Уже несколько лет занимающаяся делом Бахтина экспертная комиссия, успевшая опять сменить название (она стала Экспертной комиссией по литературоведению), рекомендовала ВАК, опираясь, естественно, на отзыв Самарина, отклонить решение ученого совета ИМЛИ о присуждении Бахтину ученой степени доктора филологических наук. ВАК последовал этой рекомендации и на заседании, которое было проведено 9 июня 1951 года, отклонил указанное решение, точнее, ходатайство ИМЛИ.

Но еще целый год в ВАКе решали, достоин ли Бахтин ученой степени кандидата филологических наук. Чтобы убедиться, что морально-политический облик соискателя не содержит столь же чудовищных изъянов, как его литературоведческая деятельность, в Мордовский пединститут был отправлен запрос на предоставление характеристики Бахтина. Эта характеристика была выслана в ВАК 19 апреля 1952 года. К чести руководства МГПИ, она имела абсолютно положительный характер.

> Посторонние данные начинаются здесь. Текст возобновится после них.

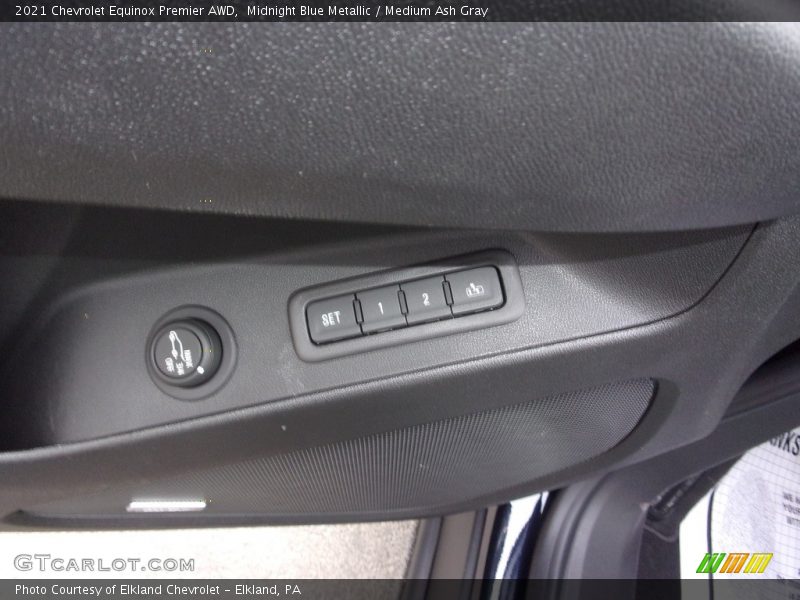 Midnight Blue Metallic / Medium Ash Gray 2021 Chevrolet Equinox Premier AWD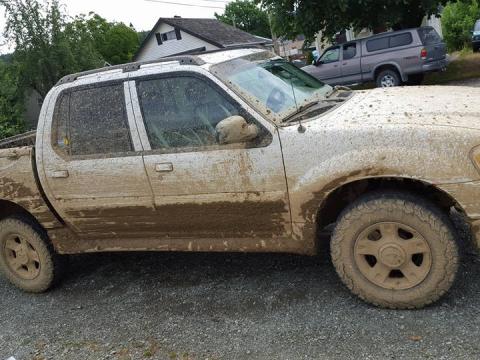 muddy day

В ней говорилось, что Бахтин «пользуется заслуженным авторитетом среди студентов и преподавателей института», «принимает активное участие в общественной жизни», «принимает участие в работе юбилейных комиссий, связанных с литературными и искусствоведческими датами» и т. д.

31 мая 1952 года президиум ВАК, ориентируясь именно на характеристику из МГПИ, постановил выдать Бахтину диплом кандидата филологических наук. Диссертационная эпопея, начавшаяся шесть лет назад, наконец-то завершилась. И завершилась она, как мы убеждены, победой Бахтина, которого лязгающая бюрократическая машина периода борьбы с космополитизмом так и не смогла перемолоть.